Esiste la strategia di trasferire la popolazione in altre regioni d'Italia, è previsto che i vari sindaci realizzino un loro piano locale, ma ancora non tutti i sindaci l'hanno fatto. Anche quando i piani dei sindaci saranno pronti, dovranno essere verificati e integrati dalla Regione Campania e infine approvati dalla Protezione Civile e dal presidente del Consiglio dei Ministri. Si tratta infatti di un'emergenza nazionale, le uniche emergenze a livello nazionale che abbiamo in Italia sono l'eruzione dei Campi Flegrei e quella del Vesuvio.
Il piano di evacuazione che prevede quali siano i mezzi, i soccorritori, le vie di fuga e le modalità di allarme manca del tutto.

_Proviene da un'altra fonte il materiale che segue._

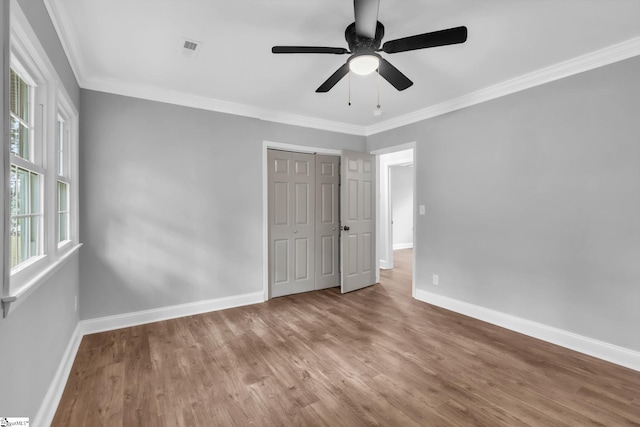 unfurnished bedroom featuring baseboards, ornamental molding, wood finished floors, and a closet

È un paradosso, ma se l'eruzione avvenisse fra una settimana, fra un mese, non ci sarebbe alcun modo per mettere in salvo la popolazione.


— Com'è possibile a suo avviso questo ritardo per il piano di evacuazione? Perché viene sottovalutato l'enorme rischio vulcanico?

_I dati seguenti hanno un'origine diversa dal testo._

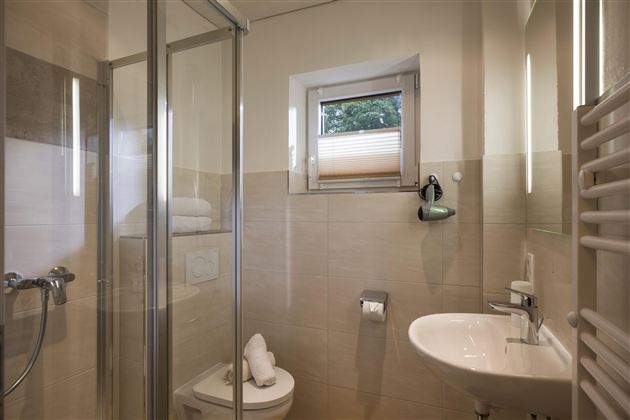 A modern bathroom with a shower and a sink. Bright walls and a window create a friendly atmosphere.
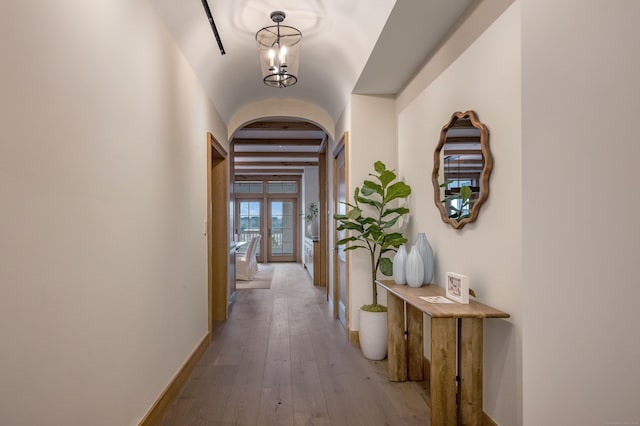 hallway with beamed ceiling and light hardwood / wood-style floors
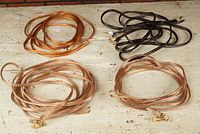 Lot of various speaker cables on a wooden table, some with banana plug connectors, transparent insulation showing copper wiring inside.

— Da circa dieci anni denuncio la mancanza del piano di evacuazione operativo. La bozza del piano non è ancora il piano operativo vero e proprio. I singoli cittadini dovrebbero essere informati del piano in modo che possano mettersi in salvo. Io non ho un'idea del perché il piano venga sempre rinviato. Secondo me c'è una generale tendenza all'ottimismo, magari anche inconsapevole da parte di tutti.
Come hanno dimostrato le catastrofi avvenute negli ultimi decenni, dallo Tsunami nell'Oceano Indiano all'Uragano Catrina, in genere la catastrofe si prepara con una sottovalutazione. Si sa molto spesso qual è il rischio, ma c'è una tendenza comune nella popolazione, nelle istituzioni e nel mondo scientifico a sottovalutarlo. Forse si tratta di una tendenza in buona fede, notiamo che vi è però una schizofrenia fra le conoscenze scientifiche e la messa in pratica di queste conoscenze, come per esempio la realizzazione di un piano di sicurezza adeguato.
— Vorrebbe aggiungere qualcos'altro?


— Ai rischi naturali purtroppo si aggiungono spesso i rischi prodotti dall'uomo. Da alcuni anni sto combattendo contro la realizzazione di centrali geotermiche sia nei Campi Flegrei sia ad Ischia. Queste centrali funzionerebbe attraverso la trivellazione profonda, parliamo di mille metri nei Campi Flegrei e di mille trecento ad Ischia. Inoltre si tratterebbe dell'iniezione di fluidi caldi fino a 300 tonnellate l'ora e dell'estrazione di questi fluidi per produrre energia. Sappiamo bene che queste attività producono terremoti, possono provocare esplosioni vulcaniche in qualche caso. Nonostante ciò nessuna autorità si è opposta finora a questi progetti, esclusa la Regione Campania recentemente.
In un'area già ad alto rischio l'uomo crea altri rischi. L'uomo deve adeguarsi alla natura e non la natura all'uomo. Un'eruzione o un terremoto potrebbero verificarsi in qualsiasi momento, quindi a parte il monitoraggio dovremmo occuparci di prevenzione, costruire per esempio case antisismiche e realizzare un piano di evacuazione adeguato.